# coaxial cable for Sub



## DIYHT1 (Oct 29, 2007)

has anybody use a coaxial cable to connect a sub.? is there a big difference in sound if use coax vs rca?


----------



## drdoan (Aug 30, 2006)

there is a difference in the way each propagates the signal, tho, it will work. Since RCA cables are so cheap and readily available, why are you wanting to use coax? Dennis


----------



## Kal Rubinson (Aug 3, 2006)

DIYHT1 said:


> has anybody use a coaxial cable to connect a sub.? is there a big difference in sound if use coax vs rca?

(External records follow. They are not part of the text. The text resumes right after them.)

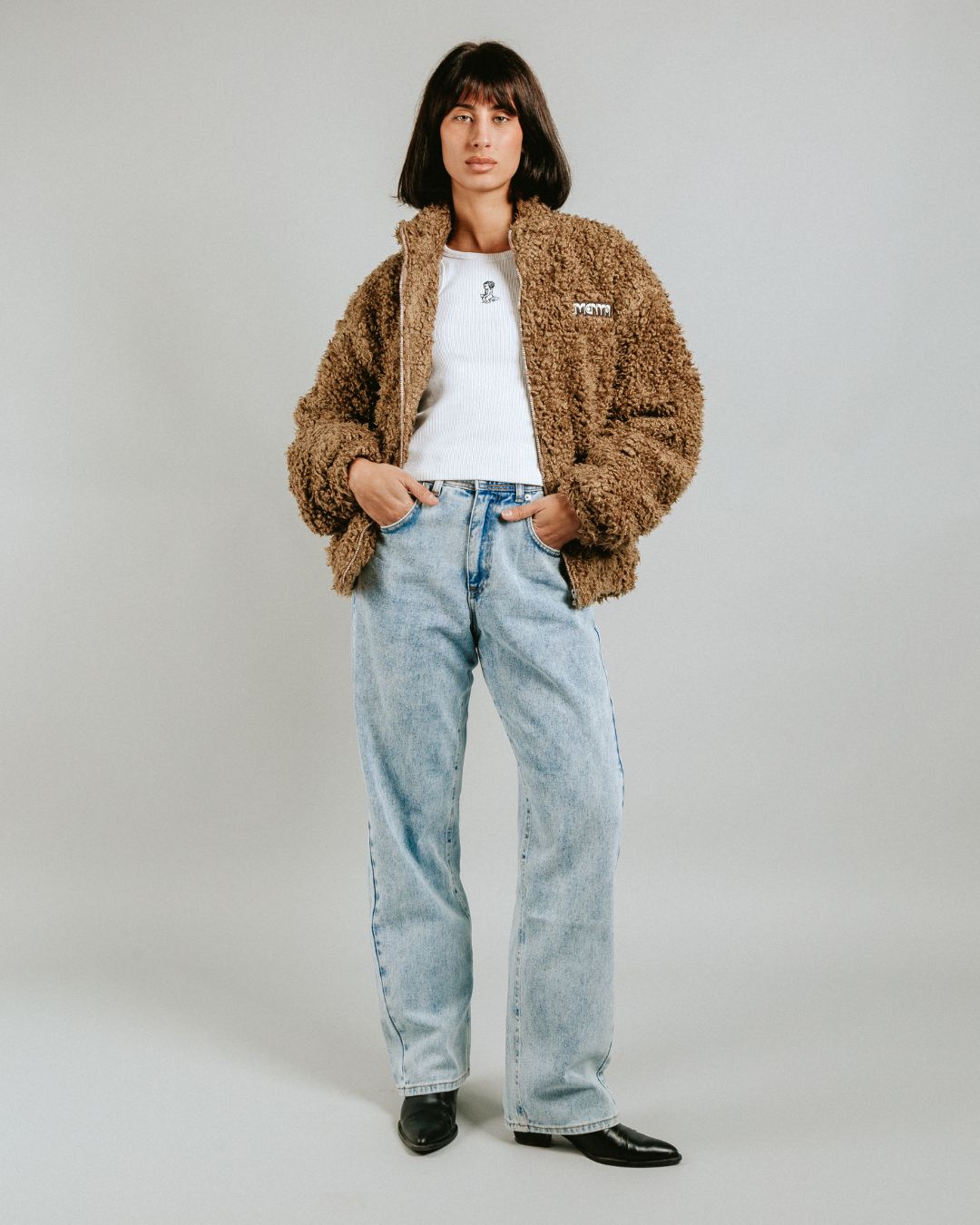 The Poncha Jacket in camel is designed for warmth and comfort with its soft camel fur exterior. Inside, it features diamond stitching for added texture and durability.
It offers elasticated wrists and hips for a customizable fit, two exterior pockets and an interior pocket for convenient storage.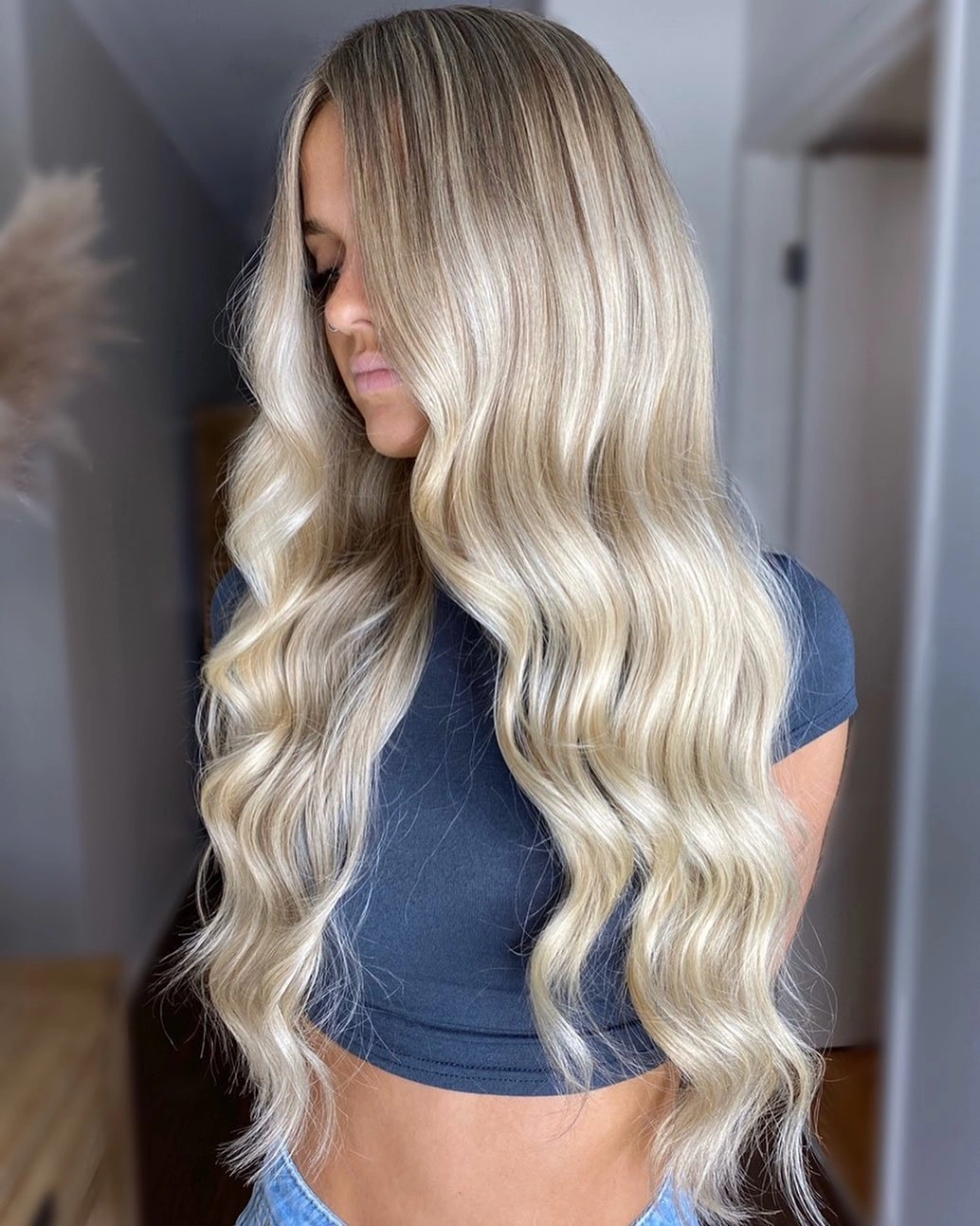Long cool blonde waves with shadowed crown and pale ends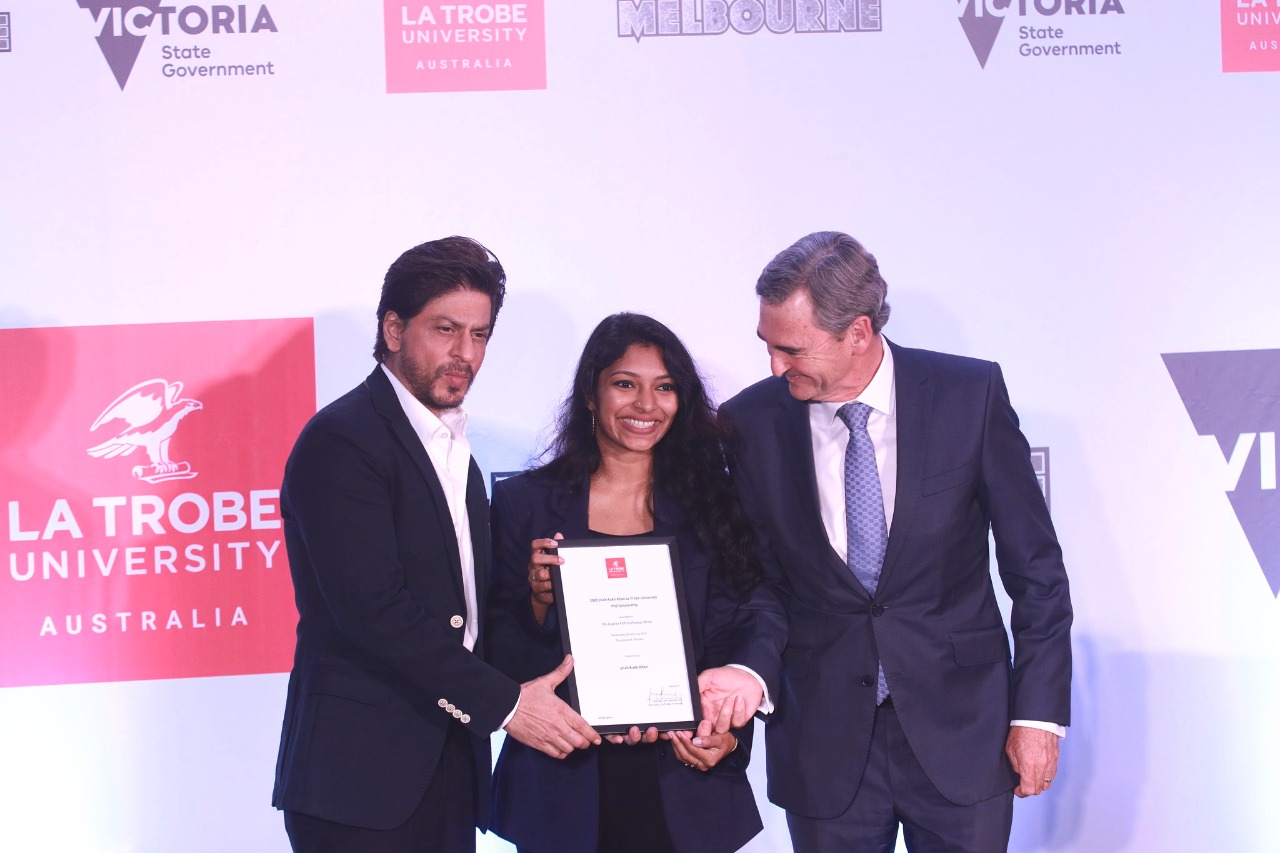 Shah Rukh Khan Awards the Ph.D. scholarship named after him to a girl from Kerala at a special event hosted by the Indian Film Festival of Melbourne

Is it hotter in the summer than it is in the city?:daydream:

RCA is a connector which can terminate coaxial or other cables. In fact, most RCA-terminated audio cables are coaxial. In other words, the answers to your two questions are "yes" and "no."

Kal


----------



## DIYHT1 (Oct 29, 2007)

I'm using it for location....I planned to have the sub on the back of the room and for that I have a monster cable for the sub, but if that doesn't work , I left the coax cable next to the screen to place the sub in front along the screen. I've read somewhere here that subs are better place in front that rear, what's your take on locations for subs?


----------



## Mike P. (Apr 6, 2007)

Experimenting with sub placement will determine the best location for a specific room. What works in one room may not work in another room.


----------



## tonyvdb (Sep 5, 2007)

for ease of connectivity placing the sub near the equipment is best as you don't have to deal with long runs of cable and the possibility of introducing noise over the cable.
But as has already been said it depends on your room layout as to what will work best. Corners tend to give the best result.


----------